Provided material

------

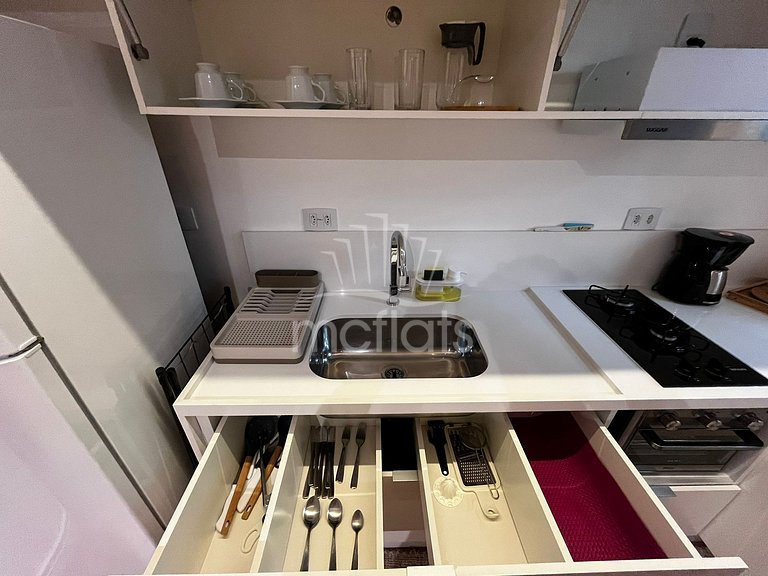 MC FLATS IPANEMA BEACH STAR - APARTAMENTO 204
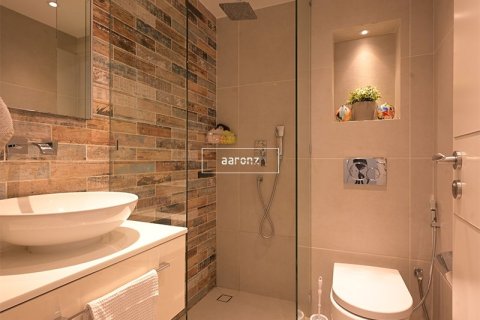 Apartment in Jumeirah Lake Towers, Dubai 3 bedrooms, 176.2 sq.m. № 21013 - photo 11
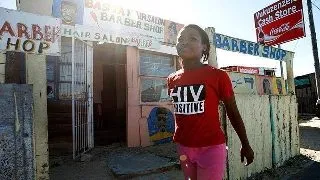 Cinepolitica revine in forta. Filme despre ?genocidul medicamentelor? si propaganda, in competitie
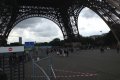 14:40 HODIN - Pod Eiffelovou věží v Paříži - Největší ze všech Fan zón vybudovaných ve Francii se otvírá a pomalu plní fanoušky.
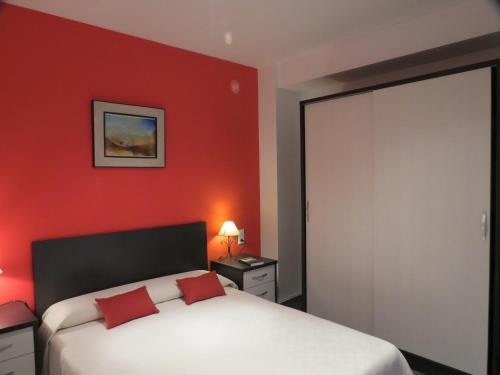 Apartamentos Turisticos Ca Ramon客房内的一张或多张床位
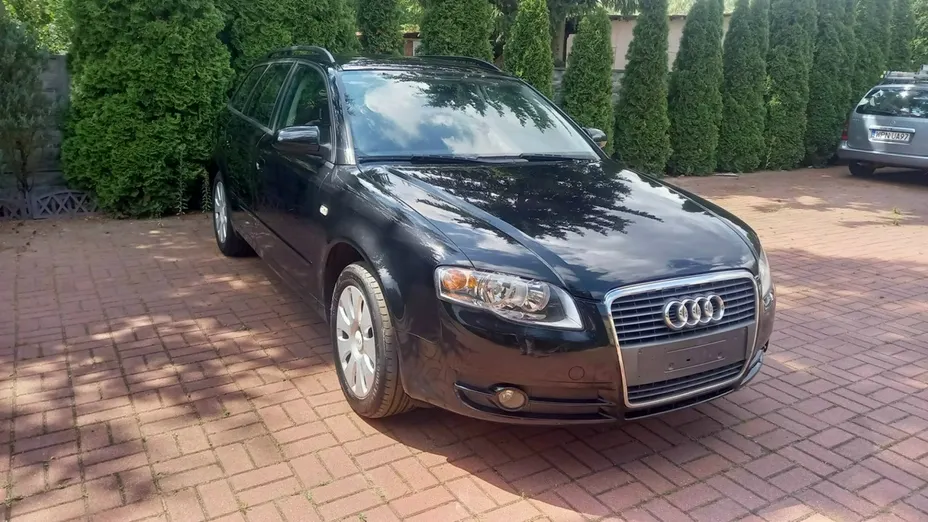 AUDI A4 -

------

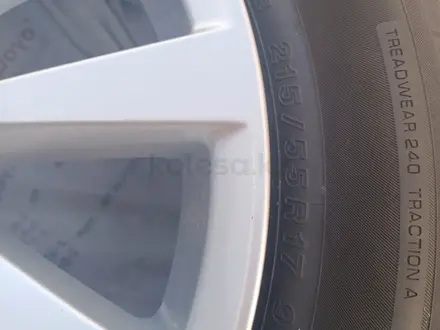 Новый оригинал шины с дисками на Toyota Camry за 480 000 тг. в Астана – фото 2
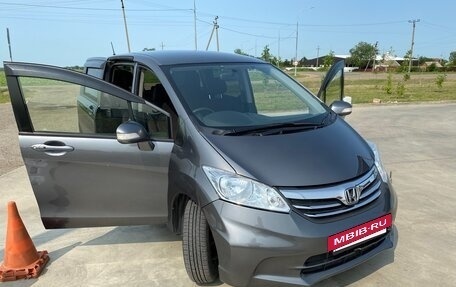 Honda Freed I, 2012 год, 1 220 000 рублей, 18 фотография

------

Task
Starting at the line above that holds "MC FLATS IPANEMA", return each line up to and including the one that holds "Cinepolitica revine in", exactly as written, minus any pictures.

Problem solution
 MC FLATS IPANEMA BEACH STAR - APARTAMENTO 204
 Apartment in Jumeirah Lake Towers, Dubai 3 bedrooms, 176.2 sq.m. № 21013 - photo 11
 Cinepolitica revine in forta. Filme despre ?genocidul medicamentelor? si propaganda, in competitie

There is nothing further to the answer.